Quanto pesa oggi, per un dentista, il problema finanziario? «La gestione di uno studio odontoiatrico è un sistema complesso e articolato. Il mercato richiede che il titolare sia, oltre che un odontoiatra, anche un imprenditore e che sviluppi competenze in ambito gestionale», dice Giancarlo Parise, titolare della Clinica Dentale, una moderna struttura composta da tre grandi studi odontoiatrici situati in provincia di Vicenza, costruita in oltre 35 anni di attività.

Giancarlo Parise, odontoiatra, titolare della Clinica Dentale

«Il successo è la somma di molti aspetti: qualità clinica costantemente ricercata nella collaborazione con profili elevati; investimenti in attrezzature e risorse; informatizzazione; focus su controllo e gestione; personale specializzato, aggiornato e formato». La concorrenza è forte, ma rispetto alla comparazione con le catene, per definizione molto abili a gestire gli aspetti economici delle cure odontoiatriche, il dottor Parise chiarisce un punto.«Vorrei sfatare un mito: non è vero che i loro prezzi siano più bassi di quelli praticati negli studi tradizionali monoprofessionali. A volte è vero il contrario, perlomeno su alcune terapie, perché le catene cercano di attrarre i pazienti con prezzi bassi su alcune prestazioni che vengono pubblicizzate con campagne di marketing molto aggressive, per poi recuperare i margini di profitto persi in altre aree di intervento».

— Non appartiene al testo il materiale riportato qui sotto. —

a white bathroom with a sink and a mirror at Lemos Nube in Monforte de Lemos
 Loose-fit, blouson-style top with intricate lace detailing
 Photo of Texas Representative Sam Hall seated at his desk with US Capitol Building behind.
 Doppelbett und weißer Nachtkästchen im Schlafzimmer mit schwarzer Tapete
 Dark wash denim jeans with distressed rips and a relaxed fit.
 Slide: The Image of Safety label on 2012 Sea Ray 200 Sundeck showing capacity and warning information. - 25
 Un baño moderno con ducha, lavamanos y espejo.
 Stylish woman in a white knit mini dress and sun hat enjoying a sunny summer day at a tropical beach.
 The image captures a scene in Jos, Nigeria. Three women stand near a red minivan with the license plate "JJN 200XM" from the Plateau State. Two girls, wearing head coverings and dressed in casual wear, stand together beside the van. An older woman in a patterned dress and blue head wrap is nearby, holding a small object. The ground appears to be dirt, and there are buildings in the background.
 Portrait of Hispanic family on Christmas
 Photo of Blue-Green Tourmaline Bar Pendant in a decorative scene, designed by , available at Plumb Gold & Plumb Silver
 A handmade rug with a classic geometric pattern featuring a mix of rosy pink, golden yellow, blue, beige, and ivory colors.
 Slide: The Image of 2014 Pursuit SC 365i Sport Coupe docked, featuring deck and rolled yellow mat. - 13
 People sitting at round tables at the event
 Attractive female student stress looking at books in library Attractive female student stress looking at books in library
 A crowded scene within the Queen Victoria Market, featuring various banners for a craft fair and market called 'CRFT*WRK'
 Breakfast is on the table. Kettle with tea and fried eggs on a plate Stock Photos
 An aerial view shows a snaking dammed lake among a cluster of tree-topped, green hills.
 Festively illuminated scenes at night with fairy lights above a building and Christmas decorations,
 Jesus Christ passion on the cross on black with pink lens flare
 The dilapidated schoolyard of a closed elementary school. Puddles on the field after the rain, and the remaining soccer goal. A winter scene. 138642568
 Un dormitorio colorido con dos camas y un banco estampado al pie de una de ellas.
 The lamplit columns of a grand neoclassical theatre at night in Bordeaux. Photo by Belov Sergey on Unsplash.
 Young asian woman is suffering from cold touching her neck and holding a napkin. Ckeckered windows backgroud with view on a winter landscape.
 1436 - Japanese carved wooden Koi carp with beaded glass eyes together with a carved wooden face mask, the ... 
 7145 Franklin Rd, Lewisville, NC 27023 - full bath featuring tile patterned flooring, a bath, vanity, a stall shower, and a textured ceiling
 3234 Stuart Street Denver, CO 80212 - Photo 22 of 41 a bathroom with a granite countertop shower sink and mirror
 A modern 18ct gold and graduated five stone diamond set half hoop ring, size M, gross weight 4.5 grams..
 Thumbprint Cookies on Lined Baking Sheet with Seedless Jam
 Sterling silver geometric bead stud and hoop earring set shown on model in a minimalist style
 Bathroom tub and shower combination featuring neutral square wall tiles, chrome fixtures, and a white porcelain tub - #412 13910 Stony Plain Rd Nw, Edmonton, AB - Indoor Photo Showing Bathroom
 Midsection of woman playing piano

Il paziente, la pietra angolare dello studio

In qualunque contesto si operi, occorre considerare che è e sarà sempre il paziente il centro di tutto: «Il successo deriva anche dai nostri pazienti “promoter”, quelli che parlano bene di noi, che si sono fidati e hanno avuto risposte all’altezza delle loro aspettative», prosegue Parise. «Complessivamente, nelle mie tre strutture oggi lavorano circa 200 operatori, tra odontoiatri, igienisti dentali, assistenti di studio odontoiatrico, addetti alla segreteria e al laboratorio odontotecnico”. Un’attività complessa e articolata, ma organizzata secondo un preciso schema. «La prima fase della visita è dedicata all’ascolto attivo del paziente. Presto la massima attenzione al messaggio completo che la persona sta cercando di trasmettere: attraverso la narrazione di sé, mi permette di entrare in contatto con i suoi bisogni profondi e solo così riesco a fornire la soluzione migliore e rispondente alle aspettative.
Ogni consulto con un paziente deve essere un processo di dare/avere. La rilevanza dell’ascolto è sempre stata fondamentale per il successo della cura. L’ascolto è già cura». Per contro, riempire la testa al paziente di alternative terapeutiche, lasciandolo solo nel processo di decisione, secondo il dottor Parise non è la strada giusta. «Abbiamo a disposizione una vasta gamma di trattamenti possibili, soluzioni terapeutiche per ciascun problema. Tuttavia, è solo parlando con il paziente stesso che riesco a proporre un percorso personalizzato e risolutivo. La fase iniziale e fondamentale del percorso di cura è la diagnosi, ossia la ricerca e la raccolta di tutte le informazioni che riguardano il paziente e la problematica per cui si è rivolto a noi. L’elemento centrale è la persona, la sua unicità anche nel modo di sentire il disagio. Ecco che quindi diventa essenziale non solo ascoltare ciò che il paziente dice, ma soprattutto comprendere quello che non dice. Le soluzioni non possono essere universali, occorre creare percorsi individuali e personalizzati».
All’interno di questa realtà, il dottor Parise ha affidato il delicato compito dell’accettazione del preventivo a una figura dedicata e formata ad hoc.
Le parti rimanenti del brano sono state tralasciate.